A ONU ainda se diz preocupada diante da aplicação de uma lei para "criminalizar e deslegitimar o trabalho de defensores de direitos humanos, jornalistas e outras pessoas".

"Durante o período do relatório, a ONU documentou nove casos, perfazendo um total de 32 vítimas, incluindo aquelas previamente documentadas pelo Escritório, em que indivíduos, incluindo defensores de direitos humanos e jornalistas, foram acusados ou processados com base em leis de incitação ao ódio ou instigação pública", disse.

Restrição contra a oposição

A ONU ainda afirmou estar preocupada com 14 alegações recebidas entre fevereiro e abril de 2023, relativas a restrições ao direito de participar da condução de assuntos públicos.

Isso inclui "assédio e outras formas de intimidação contra membros de partidos políticos e militantes no contexto da campanha eleitoral para as Primárias lançada por parte da oposição".

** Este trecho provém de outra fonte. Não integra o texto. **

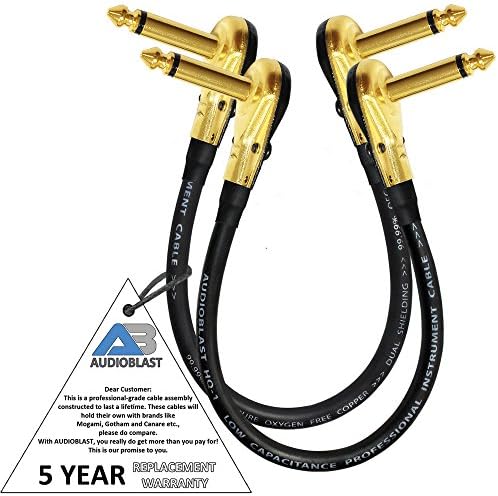 2 Units - 9 Inch - Audioblast HQ-1 - Ultra Flexible - Dual Shielded (100%) - Instrument Effects Pedal Patch Cable w/Low-Profile, R/A Gold Pancake TS (6.35mm) Plugs & Dual Staggered Boots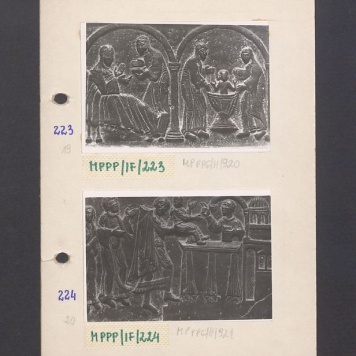 Wnętrze gnieźnieńskiej katedry. Drzwi Gnieźnieńskie, scena przedstawiająca narodziny św. Wojciecha.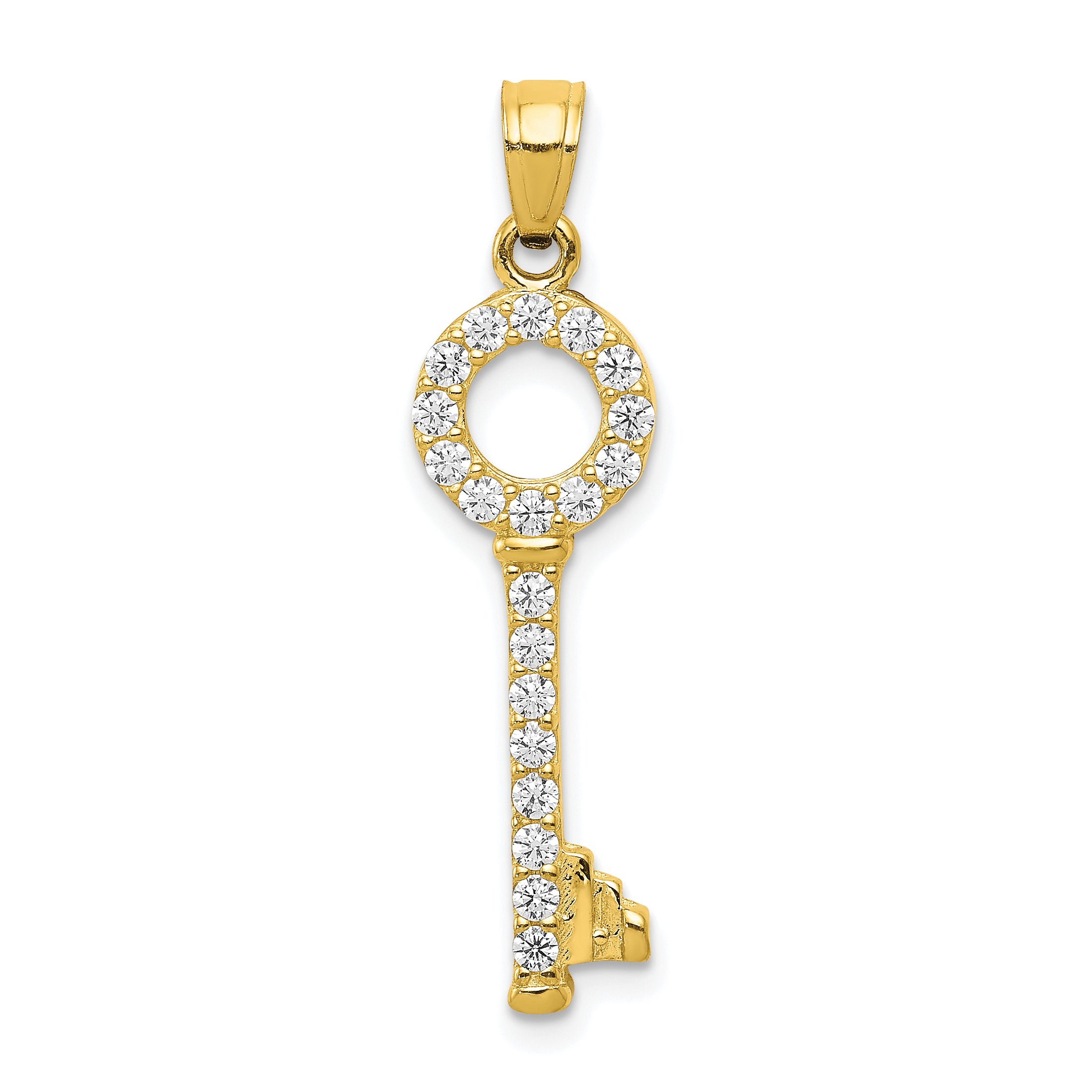 10k CZ Key Pendant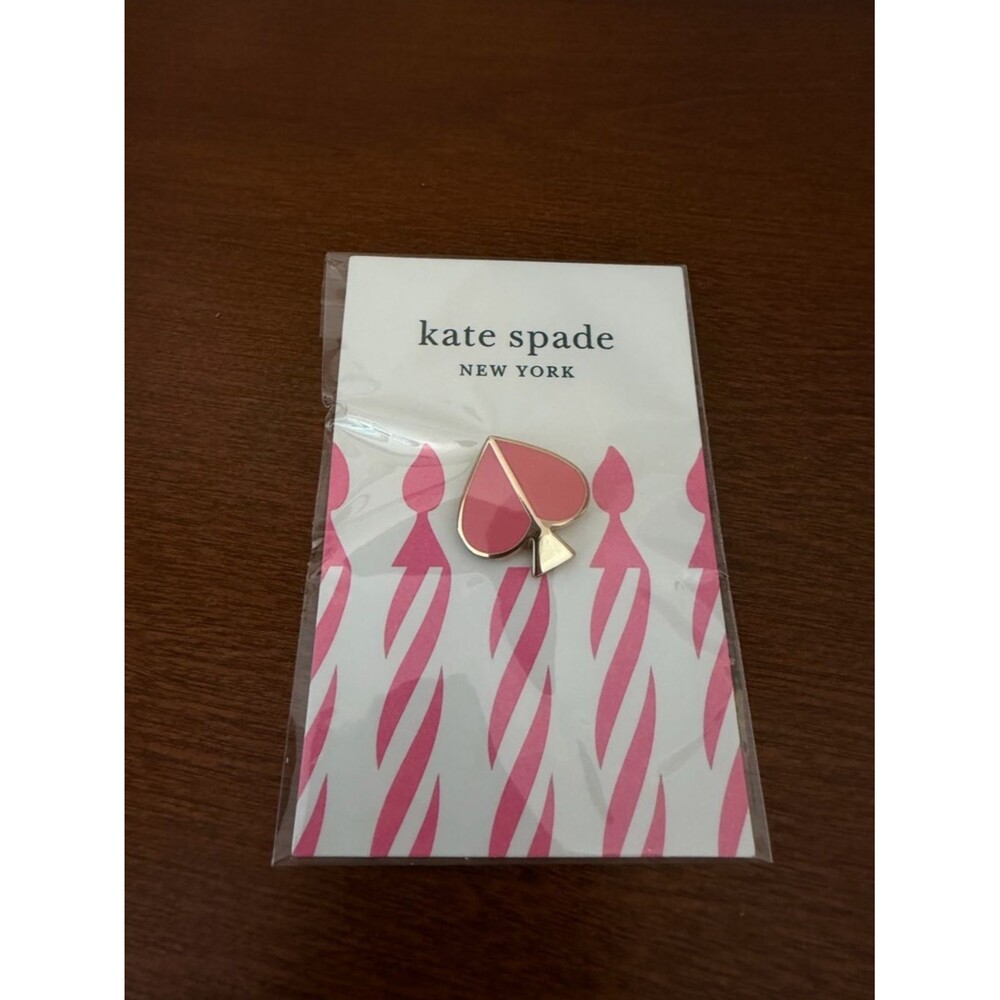 NEW Kate Spade Pink Enamel Birthday Pin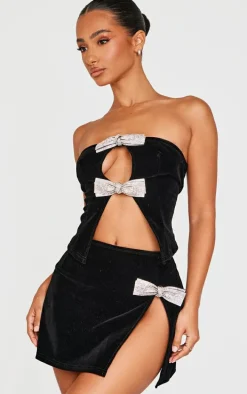 Petite Black Velvet Diamante Bow Detail Split Mini Skirt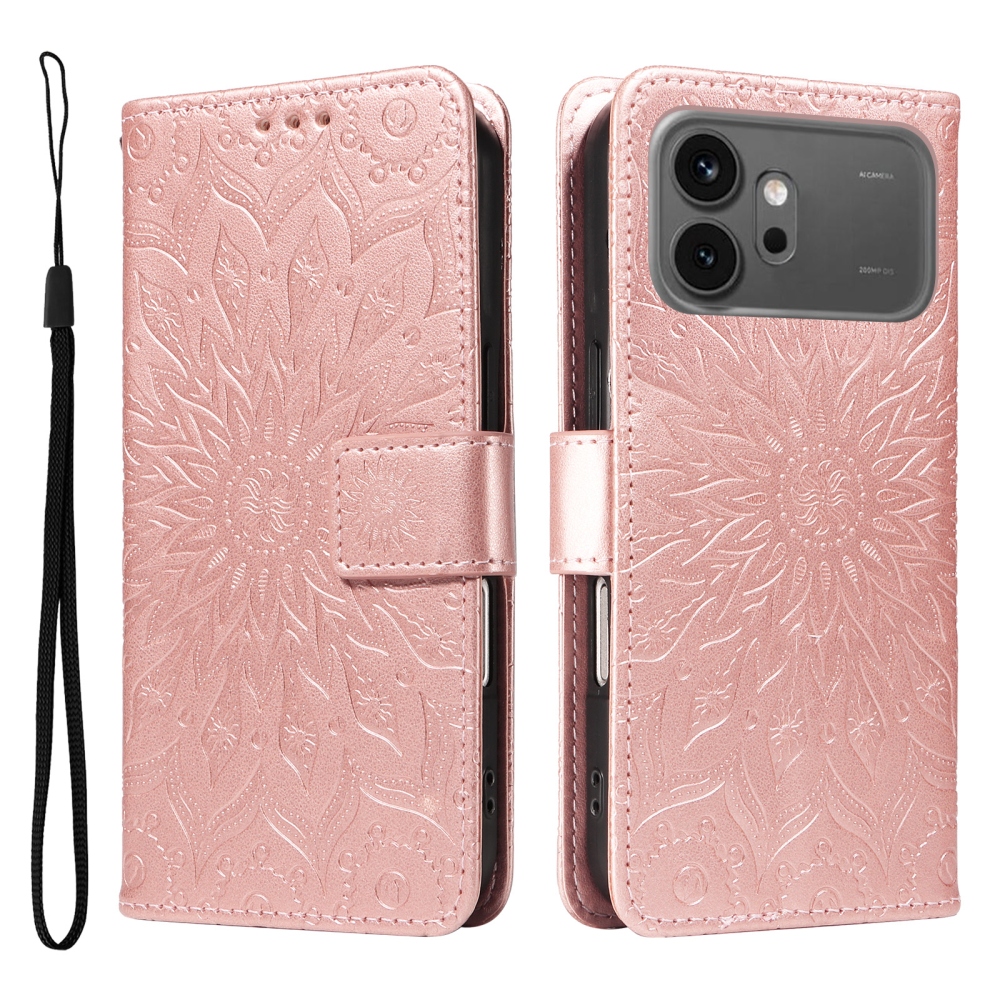Napraforgó könyv tok a Honor 600 Pro 5G/Honor 600 5G készülékhez - rózsaarany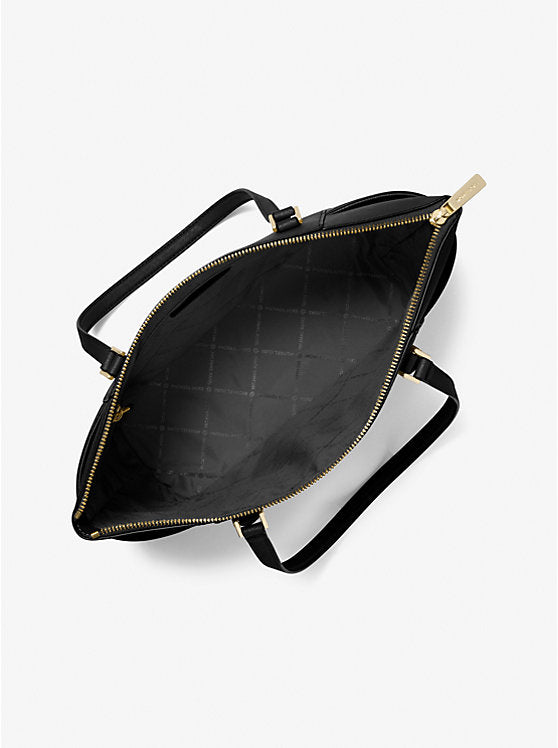 132 - MICHAEL KORS Charlotte Large Saffiano Leather Top-Zip Tote Bag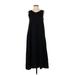 Uniqlo Casual Dress - A-Line V Neck Sleeveless: Black Solid Dresses - Women's Size X-Small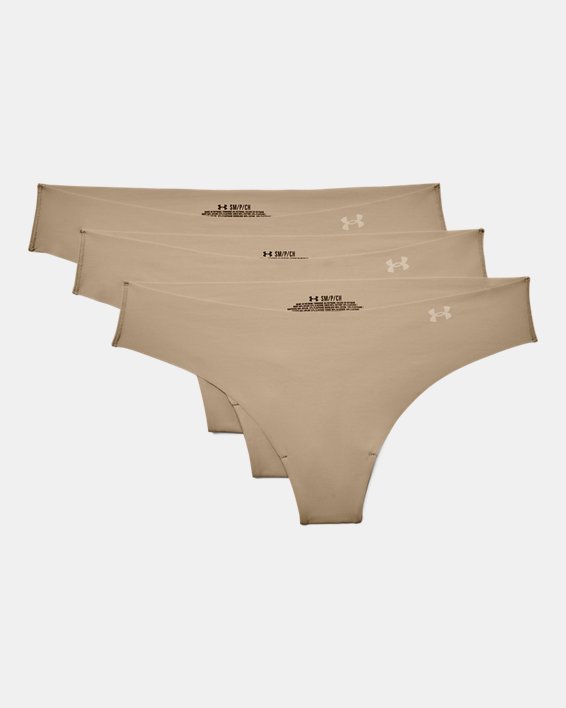 Women's UA Pure Stretch Thong 3-Pack, Brown, pdpMainDesktop image number 3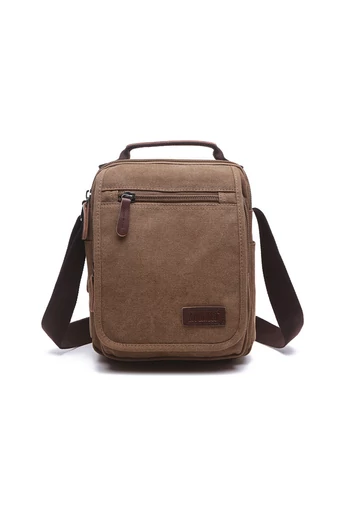 Barna crossbody férfi táska strapabíró anyagból, méret 28*22*12cm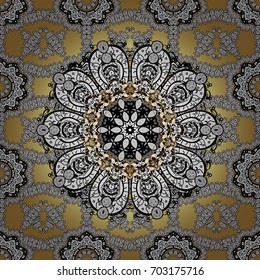 Islamic colored mandala round ornament on a colorful background. Vector architectural muslim texture design. Can be used for brochures invitations, persian motif. 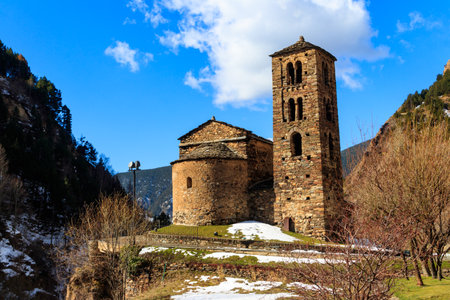 Sant Joan de Caselles Church (12th century) in Canillo, Andorraの写真素材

"Durante o período do relatório, a ONU recebeu relatórios sobre a desqualificação de pessoas para participar de processos eleitorais pelo Escritório da Controladoria General de la República", disse. "Nenhuma notificação sobre a abertura dos procedimentos ou aviso foi emitido antes dessas desqualificações, restringindo assim o exercício do direito de defesa", alertou.

Dissidentes presos sem acesso à Justiça

Um dos pontos destacados pela investigação da ONU se refere à incapacidade de que dissentes possam ter um processo legal para se defender.

Segundo o documento, existem ainda atrasos contínuos nos procedimentos judiciais, incluindo investigações, audiências e processos, que corroem as garantias de justiça processual.

Com base nas informações recebidas, foram observados atrasos indevidos na tramitação de três casos contra indivíduos acusados de insurreição contra o Estado, sendo que 93 audiências foram adiadas durante o período do relatório.

"Permanecem as preocupações quanto ao adiamento das audiências judiciais nesses casos, supostamente devido a desafios na notificação oportuna pelas autoridades judiciais das transferências de detentos dos centros de detenção para os tribunais, entre outras questões, refletindo assim a necessidade de melhorar a coordenação entre as autoridades judiciais e os centros de detenção", disse.

Em um caso, as audiências judiciais foram adiadas consecutivamente 14 vezes desde 9 de agosto de 2022 por causas atribuíveis a problemas de coordenação entre as autoridades.

Tortura

Durante o período examinado pela ONU, foram documentados casos de 22 indivíduos que foram supostamente torturados ou submetidos a maus-tratos em centros de detenção entre 2018 e 2022. Esses últimos casos se somam aos 92 documentados anteriormente. De todos os 114 casos, 62 foram atribuídos à Direção Geral de Contrainteligência Militar (DGCIM) e cinco ao Serviço Bolivariano de Inteligência Nacional (SEBIN). "O medo de represálias e a desconfiança nas instituições e autoridades contribuíram para a subnotificação das alegações de tortura às autoridades", alertou a ONU.

Sindicalistas criminalizados

A investigação ainda apontou para 12 casos de criminalização de líderes sindicais e trabalhistas, incluindo uma mulher. Nove deles foram detidos.

A ONU ainda denunciou assédio a sete líderes sindicais, sequestro do parente de um líder sindical e ameaças contra quatro (um contra um parente), por supostos funcionários do Estado ou coletivos.

Entre 4 e 7 de julho de 2022, seis sindicalistas e líderes trabalhistas, incluindo um representante da Confederación de Sindicatos Autónomos (CODESA), foram presos sob a acusação de conspiração e associação criminosa de acordo com a Lei Orgânica contra o Crime Organizado e o Financiamento do Terrorismo.

A sociedade civil relatou que os protestos trabalhistas constituíram 47% de todos os protestos em todo o país em 2022. Isso inclui protestos pacíficos contínuos, desde abril de 2022, em resposta a um ajuste na escala salarial que reduziu os salários já baixos dos funcionários públicos em aproximadamente 40%.